Work instruction
With the images left out, print all of the records below exactly.

Entries shown
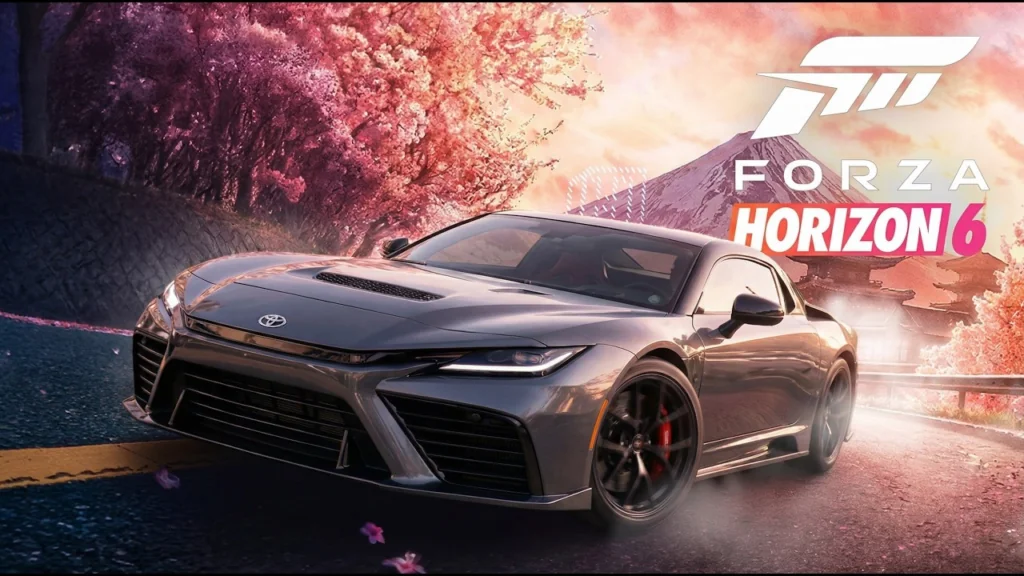 Гоночний автомобіль Forza Horizon 6 на японській трасі з сакурами та Фудзі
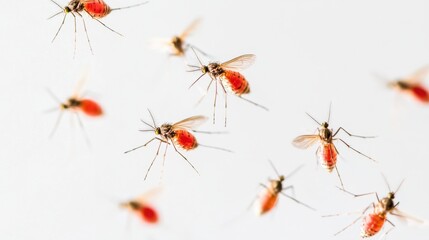 Close-Up View of Mosquitoes in Natural Habitat Capturing the Intricate Details of Their Anatomy and Behavior in a Light Background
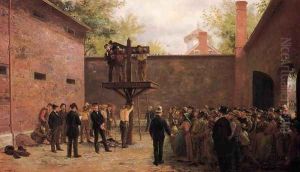 The Pillory and Whipping Post, New Castle, Delaware by Edward Lamson Henry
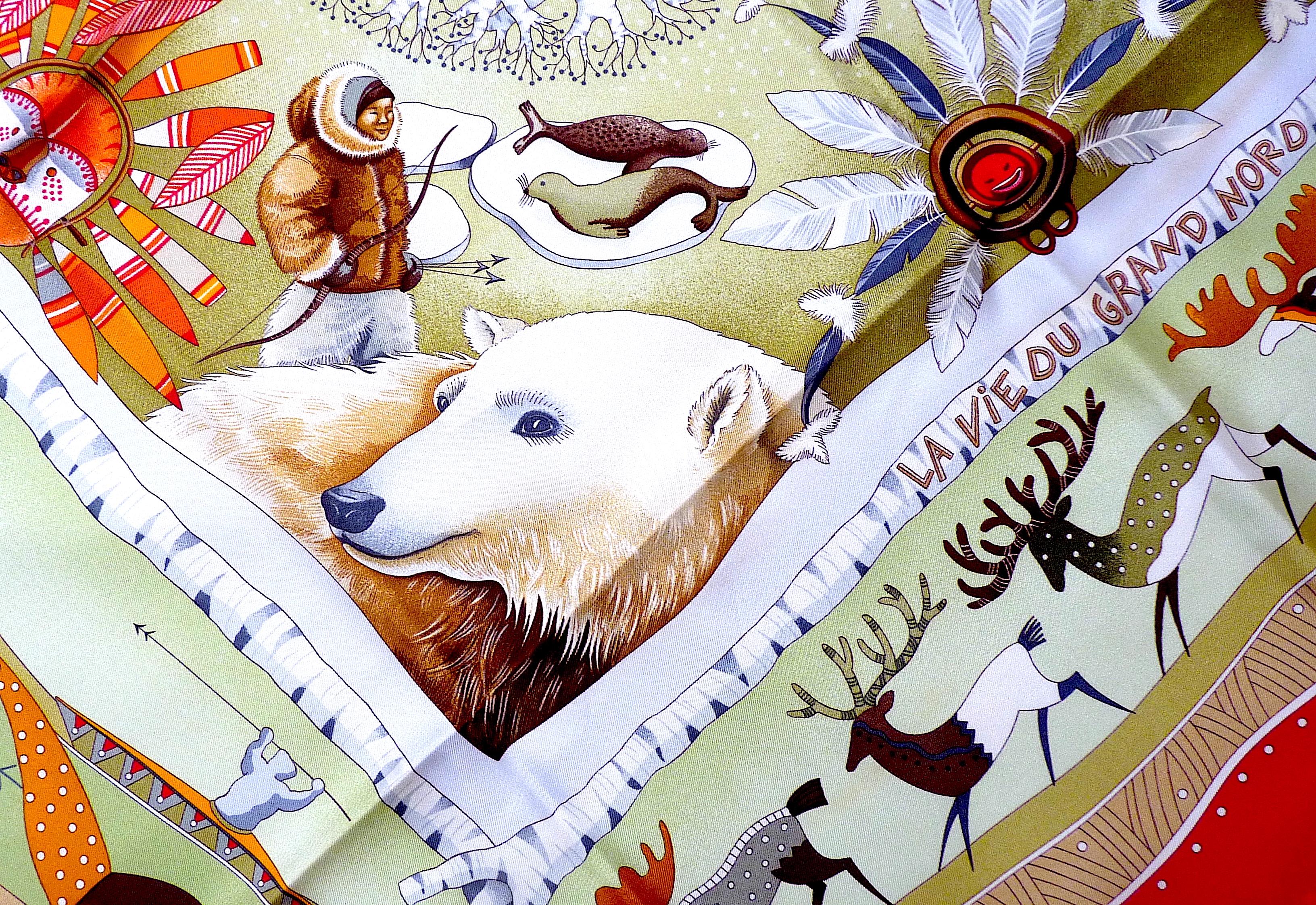 Hermes Soie EXCELLENT ETAT avec Boîte La Vie du Grand Nord 2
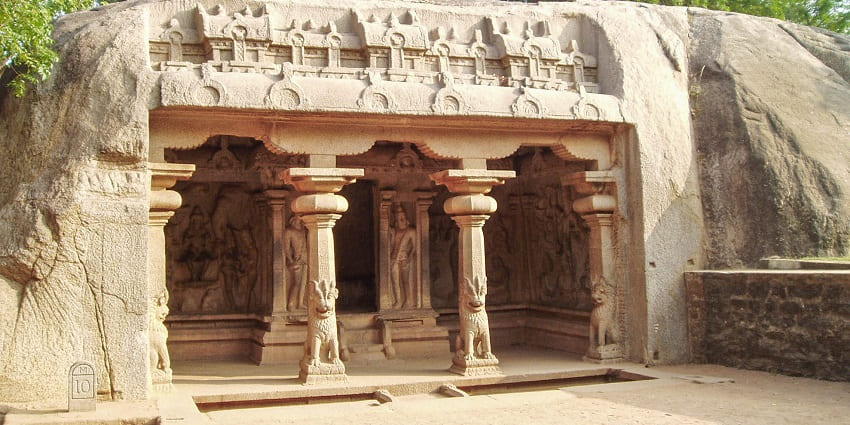 A glimpse of a cave temple in Mahabalipuram exuding old-world charm and elegance.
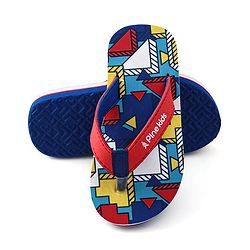 Pine Kids Slip On Flip Flops with Abstract Print - Red Blue & Yellow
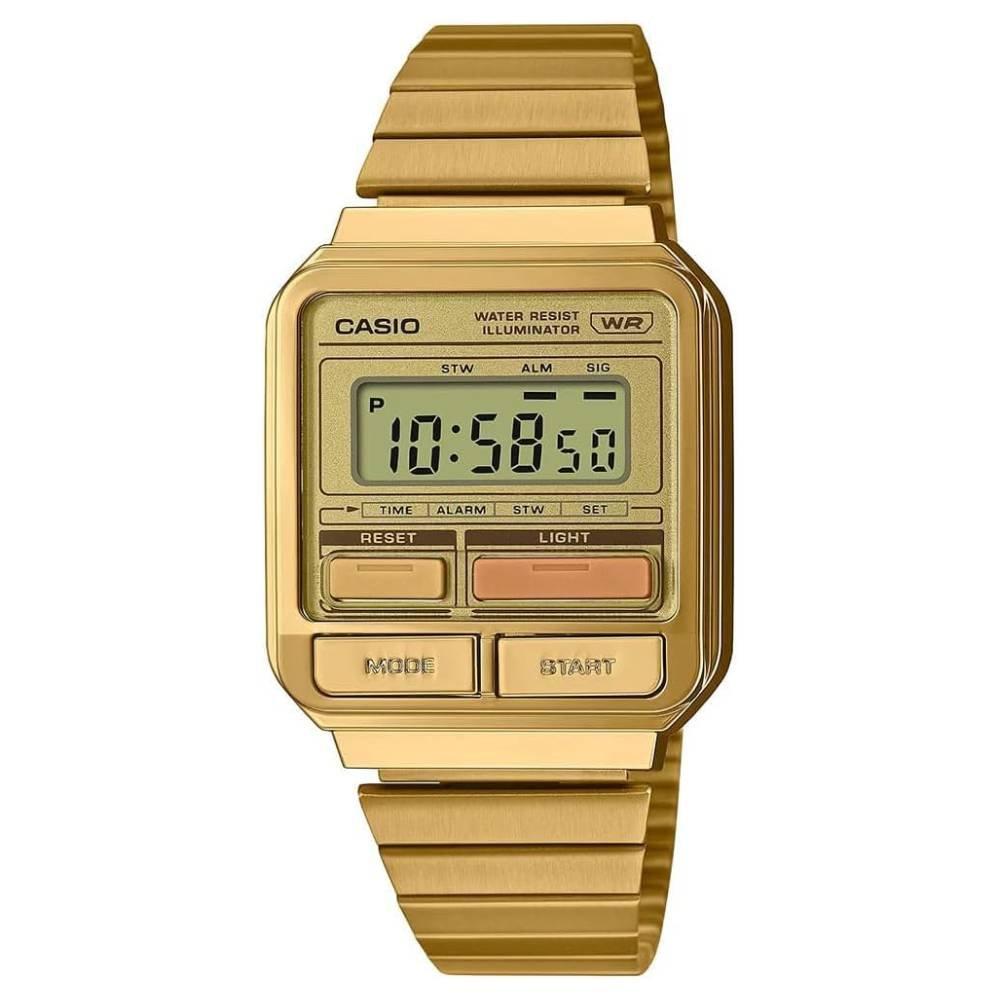 

Casio glu key model watch for men, digital, 41 mm, a120weg-9adf – gold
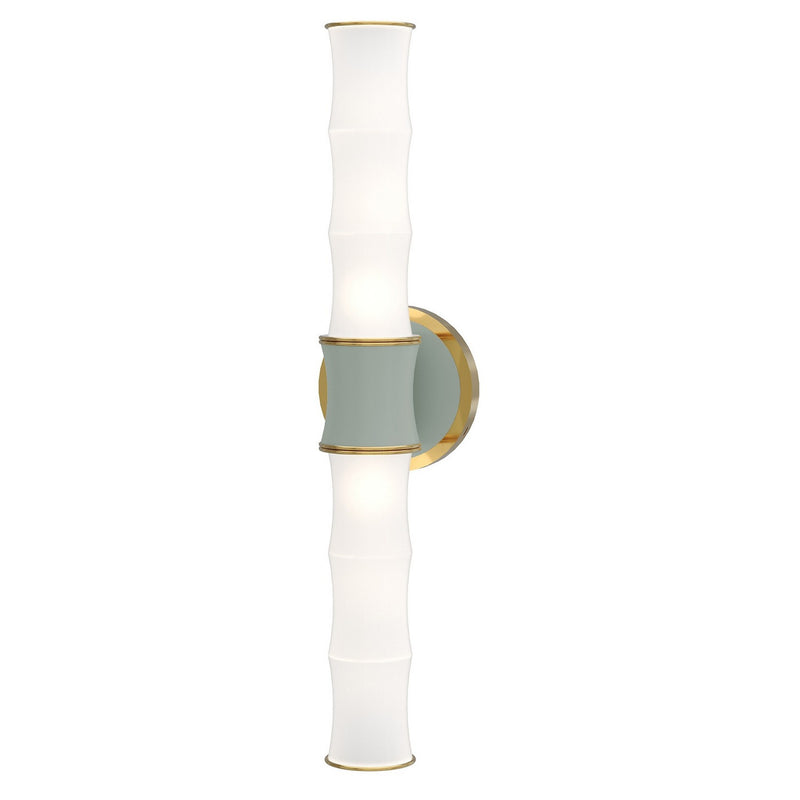 Robert Abbey MCL83 Two Light Wall Sconce, Matte Celadon w/Modern Brass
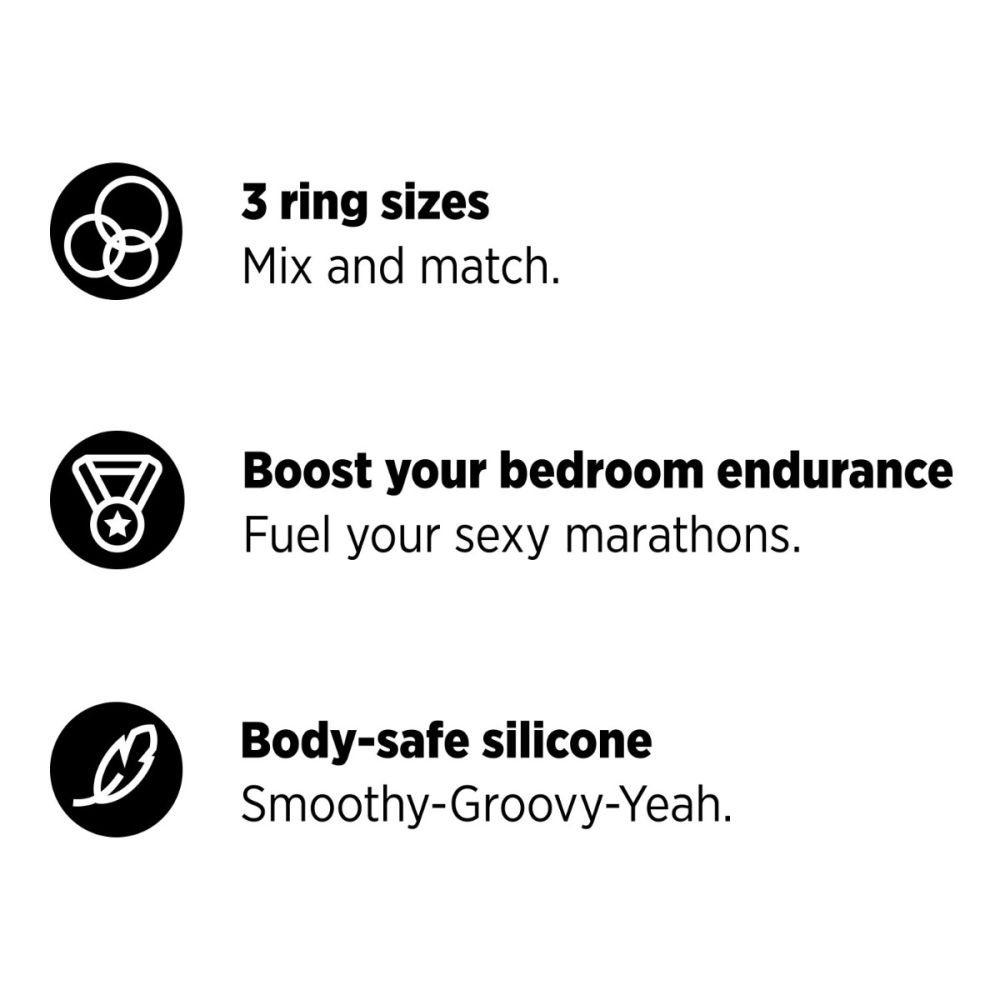 Romp Remix Trio Penis Rings Triple The Thrill 3-Piece Silicone Cock Rings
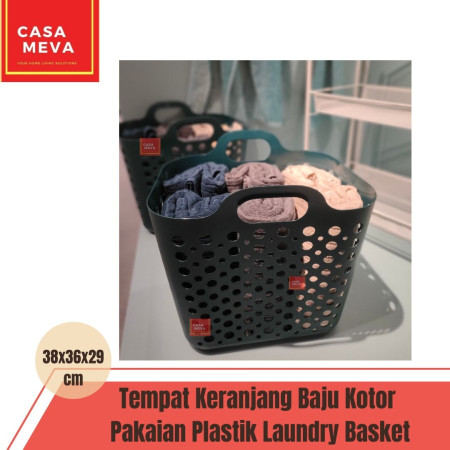 Tempat Keranjang Baju Kotor Pakaian Plastik Laundry Basket - Pink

Your response
 Гоночний автомобіль Forza Horizon 6 на японській трасі з сакурами та Фудзі
 Close-Up View of Mosquitoes in Natural Habitat Capturing the Intricate Details of Their Anatomy and Behavior in a Light Background
 The Pillory and Whipping Post, New Castle, Delaware by Edward Lamson Henry
 Hermes Soie EXCELLENT ETAT avec Boîte La Vie du Grand Nord 2
 A glimpse of a cave temple in Mahabalipuram exuding old-world charm and elegance.
 Pine Kids Slip On Flip Flops with Abstract Print - Red Blue & Yellow

Casio glu key model watch for men, digital, 41 mm, a120weg-9adf – gold
 Robert Abbey MCL83 Two Light Wall Sconce, Matte Celadon w/Modern Brass
 Romp Remix Trio Penis Rings Triple The Thrill 3-Piece Silicone Cock Rings
 Tempat Keranjang Baju Kotor Pakaian Plastik Laundry Basket - Pink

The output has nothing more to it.